Норумо ворвался в гущу стаи, но дышал он так же тяжело, как его всадница. Вода запеклась на его боках.

Я чую горящий в тебе огонь, дочь Востока. Скоро твой пепел развеется над морем. По мне, так и пристало той, что плавает с водяными слизнями.

Слезы текли по лицу Тани. Голова готова была лопнуть.

– Тани, что с тобой?

– Онрен, – ахнула она, – ты слышишь его голос?

– Чей голос?

Она меня не слышит. Слышат только вкусившие от деревьев познания, – сказал Безымянный. Тани всхлипнула от боли. – Я рожден от огня, выкован в горне, из которого тебе досталась одна искра. Поэтому, пока ты жива, я буду жить в тебе, в каждой твоей мысли, в каждом воспоминании.

Один из сейкинских драконов, отделившись от строя, тараном ударил Безымянного в шею. Тиски на ее разуме разжались. Тани, дрожа всем телом, навалилась на спину Онрен.

– Тани!

Вражеская стая вцепилась в Норумо. Имперский дракон, почти не уступавший чудовищу величиной, пробился сквозь рой и с могучим ревом рванул Безымянного зубами. Взлетели золотые искры, и впервые в этой вековечной броне показались прорехи. Безымянный повернул голову, оскалил зубы, но имперский дракон был уже недосягаем для него.

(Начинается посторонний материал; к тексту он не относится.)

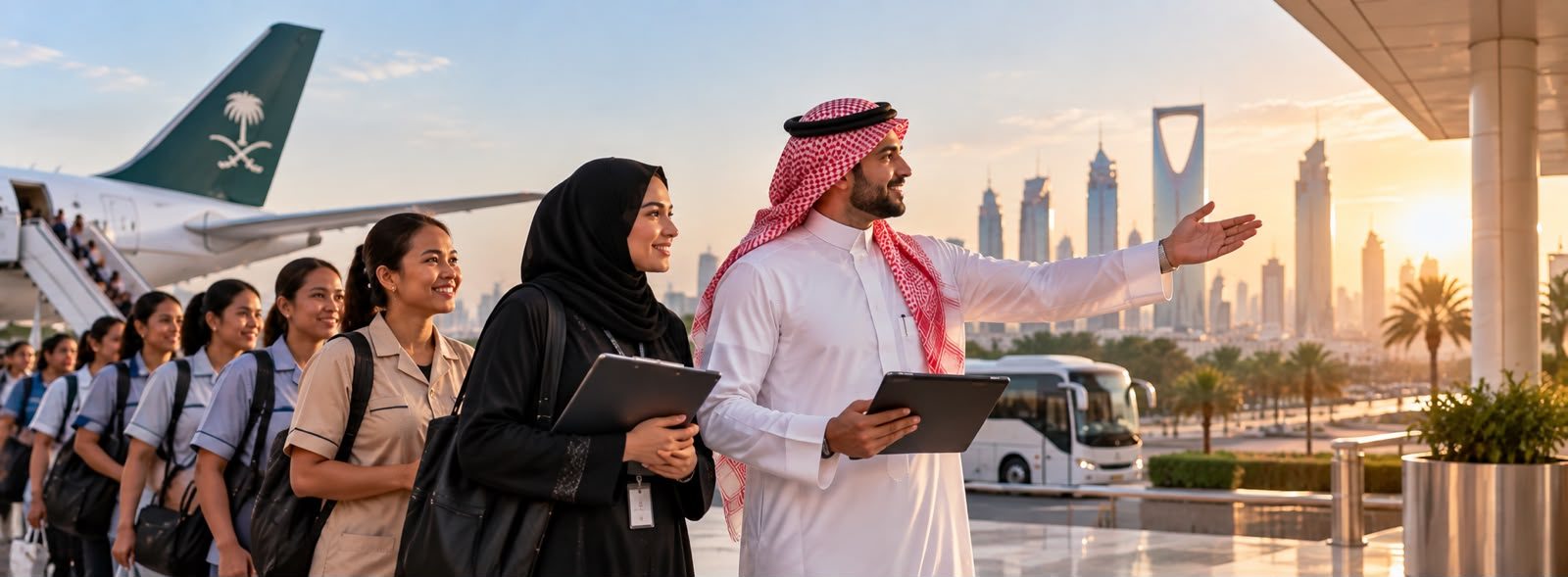 أهدافنا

Онрен колотила кулаком по воздуху перед собой.

– За Сейки! – орала она. Всадники подхватили ее крик.

Тани чуть не сорвала себе горло.

Морской начальник протрубил в раковину, собирая драконов для новой атаки. На этот раз встретившая их стая сплотилась еще гуще – в стену крыльев. Огнедышащие оставляли в покое корабли, слетаясь на защиту своего повелителя. Их ряды сомкнулись вокруг Безымянного, а тот уже приближался к флоту.

– Не пробьемся. – Онрен вцепилась в седло. – Норумо, неси нас в первый ряд.

Тот басовито заворчал, догоняя собратьев. Тани напряглась, когда морской начальник обернулся к ним лицом. Онрен, развернув сигнальный веер, дала ему знак прекратить атаку.

Морской начальник ответил сигналами своего веера. Он предлагал им зайти сверху. Другие всадники передали сообщение дальше.